Taking only the lines of the data below from the line with "Lovetholy 25pcs, Embroidery/Zardosi/Zari/Aari" to the line with "Wunder Puff 600-Down-Fill Long Jacket", ends included, write them out exactly and without pictures.

→ Data supplied:
╭──
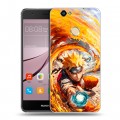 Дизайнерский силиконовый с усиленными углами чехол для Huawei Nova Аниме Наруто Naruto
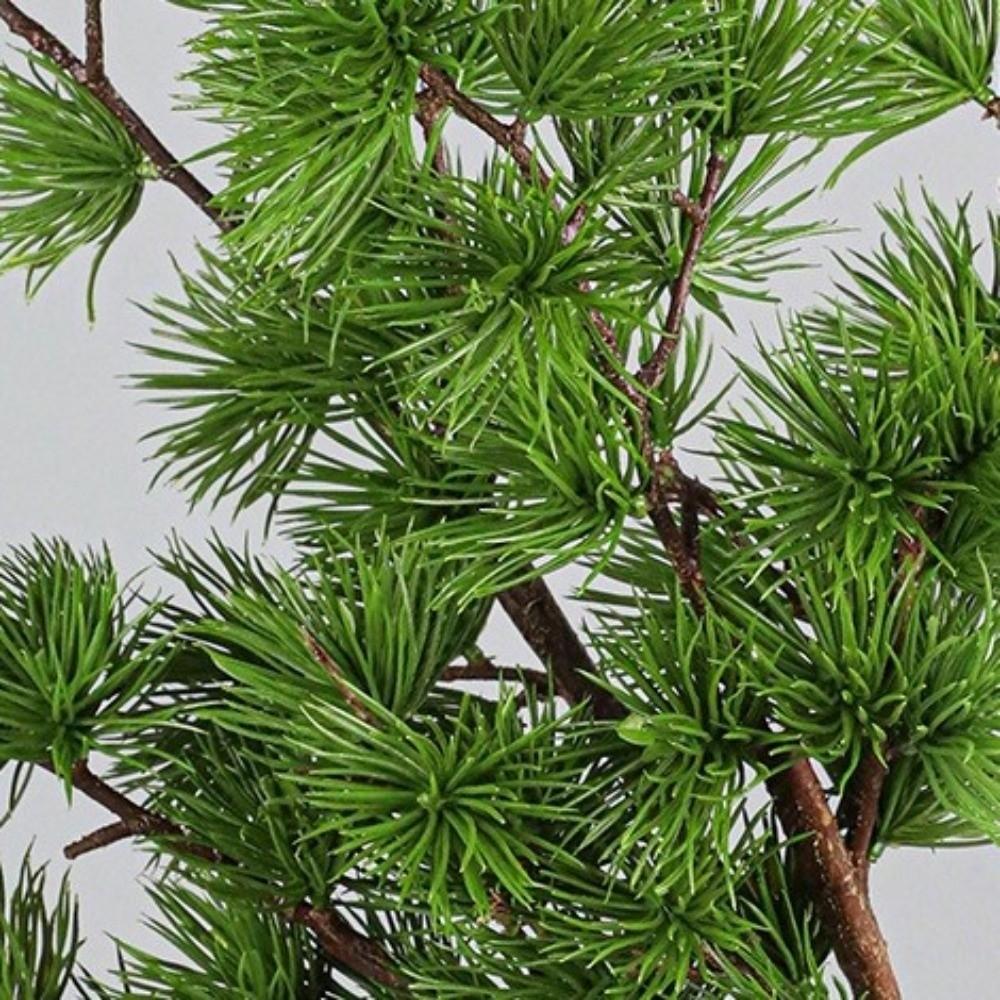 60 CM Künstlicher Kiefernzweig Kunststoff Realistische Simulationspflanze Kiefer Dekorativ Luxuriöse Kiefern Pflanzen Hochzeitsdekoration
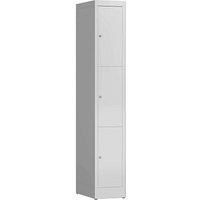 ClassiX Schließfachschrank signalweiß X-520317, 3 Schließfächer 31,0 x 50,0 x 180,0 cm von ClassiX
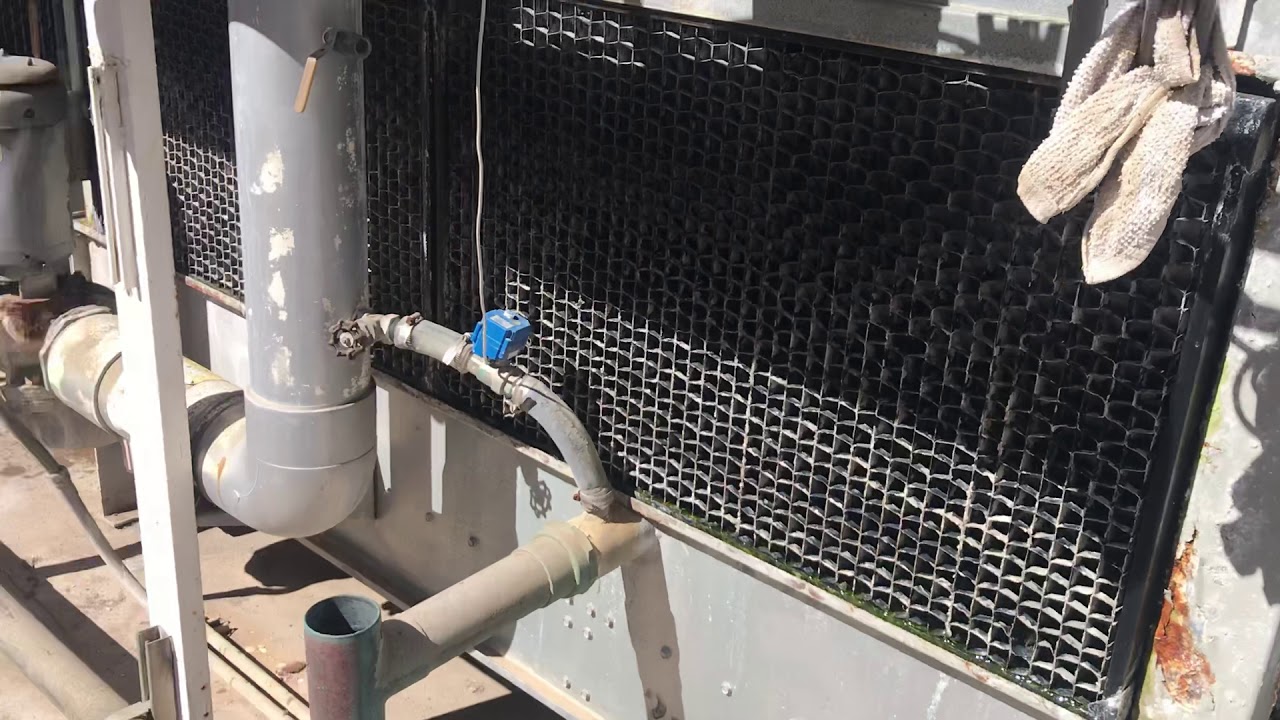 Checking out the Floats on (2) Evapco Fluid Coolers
╰──
╭──
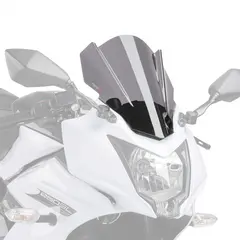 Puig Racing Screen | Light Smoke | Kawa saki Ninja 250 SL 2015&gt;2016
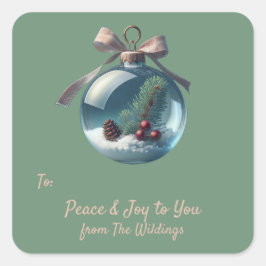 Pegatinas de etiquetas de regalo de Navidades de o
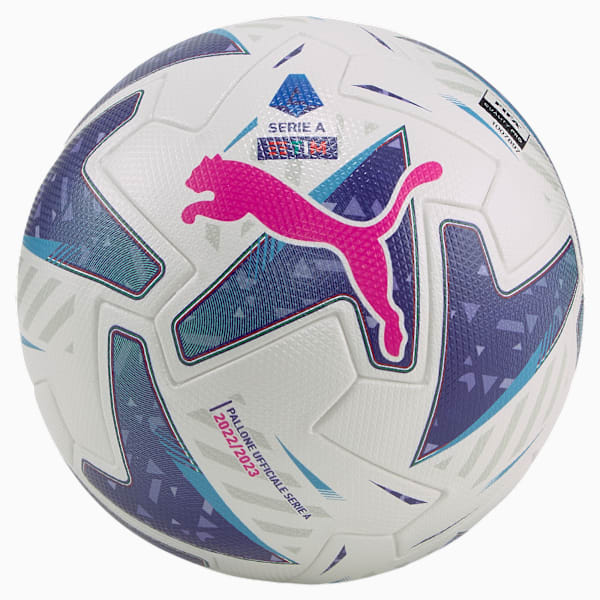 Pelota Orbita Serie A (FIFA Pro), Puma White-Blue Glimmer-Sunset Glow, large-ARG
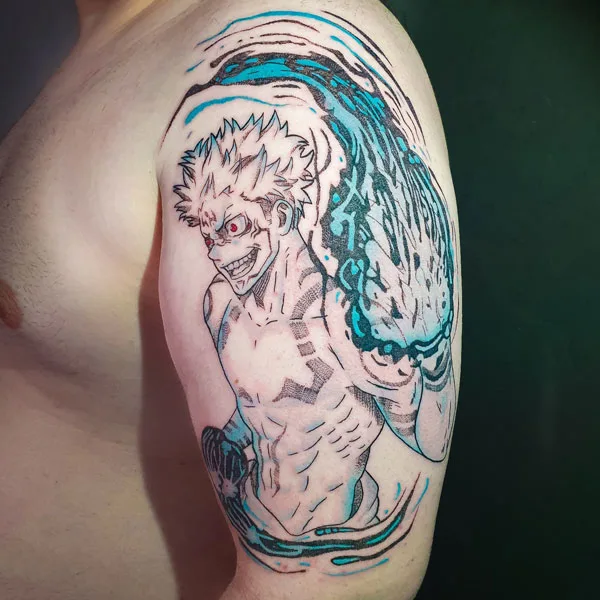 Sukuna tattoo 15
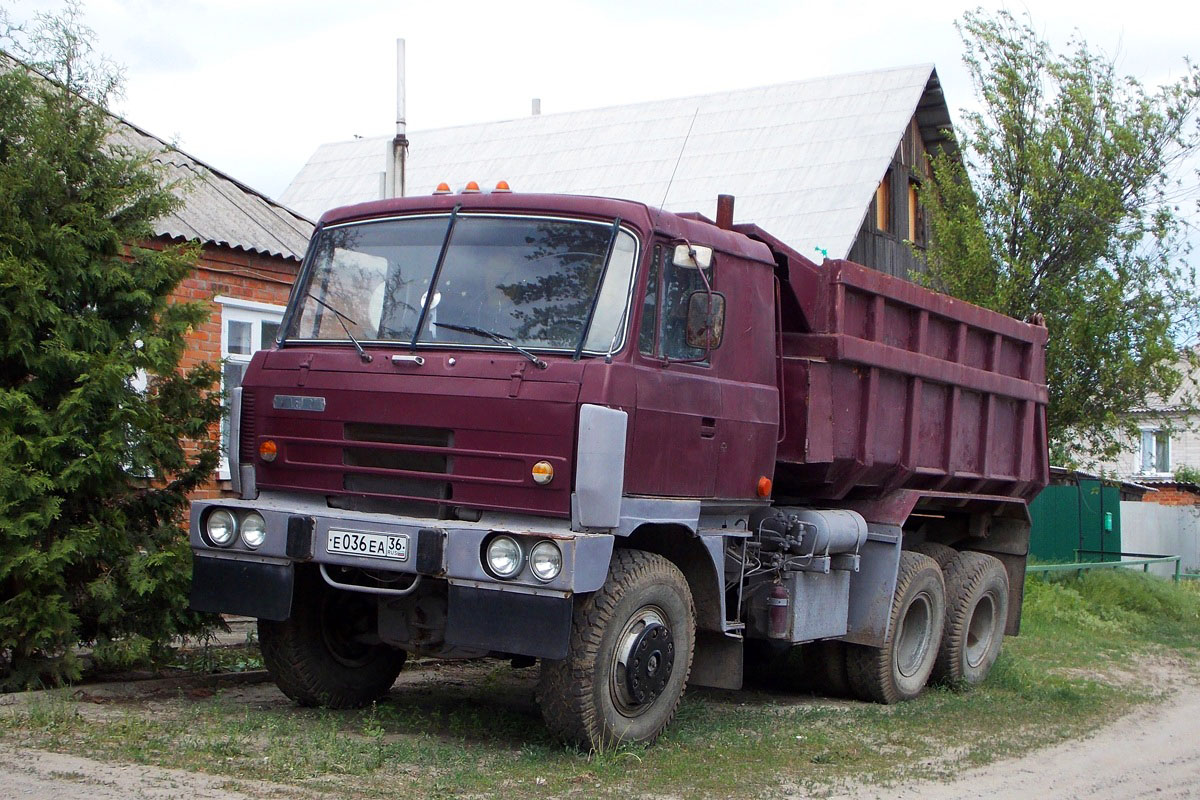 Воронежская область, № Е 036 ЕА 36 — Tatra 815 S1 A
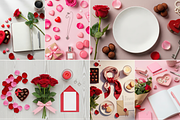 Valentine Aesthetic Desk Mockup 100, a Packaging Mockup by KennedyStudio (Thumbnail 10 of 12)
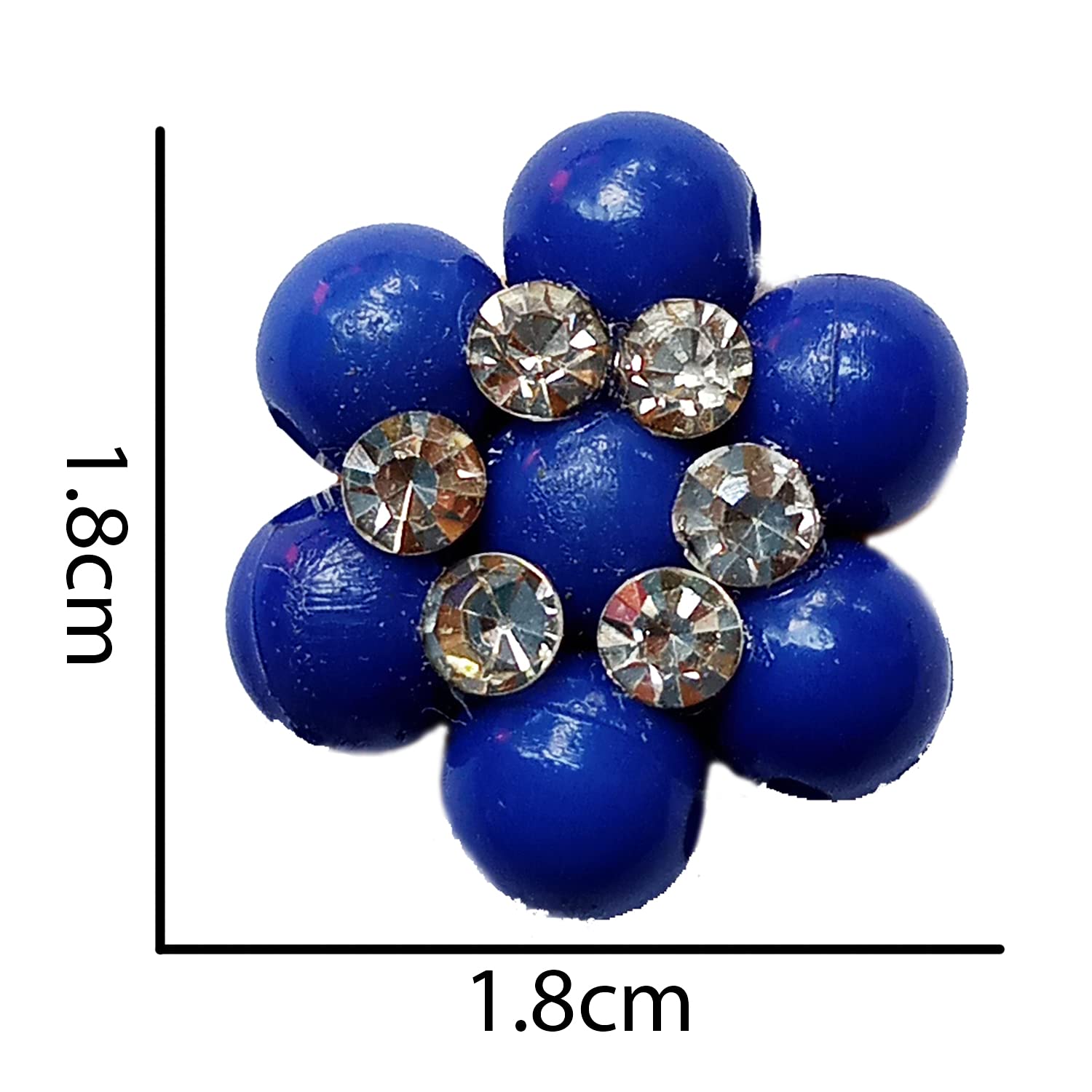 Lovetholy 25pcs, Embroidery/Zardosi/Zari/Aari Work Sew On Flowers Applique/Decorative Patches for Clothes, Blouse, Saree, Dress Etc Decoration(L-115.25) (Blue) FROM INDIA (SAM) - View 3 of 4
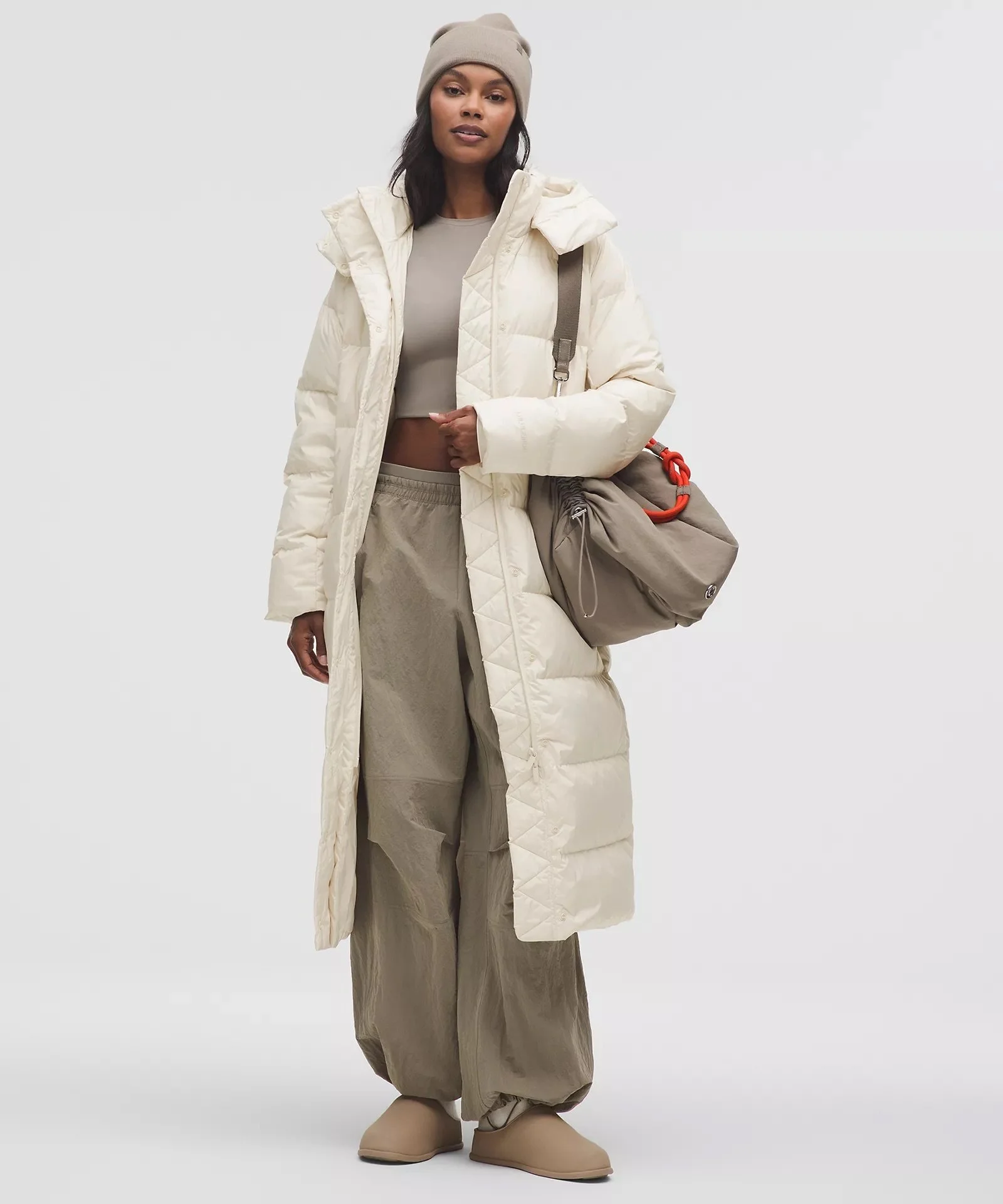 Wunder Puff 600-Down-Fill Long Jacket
╰──
→ Solution to this task:
 Lovetholy 25pcs, Embroidery/Zardosi/Zari/Aari Work Sew On Flowers Applique/Decorative Patches for Clothes, Blouse, Saree, Dress Etc Decoration(L-115.25) (Blue) FROM INDIA (SAM) - View 3 of 4
 Wunder Puff 600-Down-Fill Long Jacket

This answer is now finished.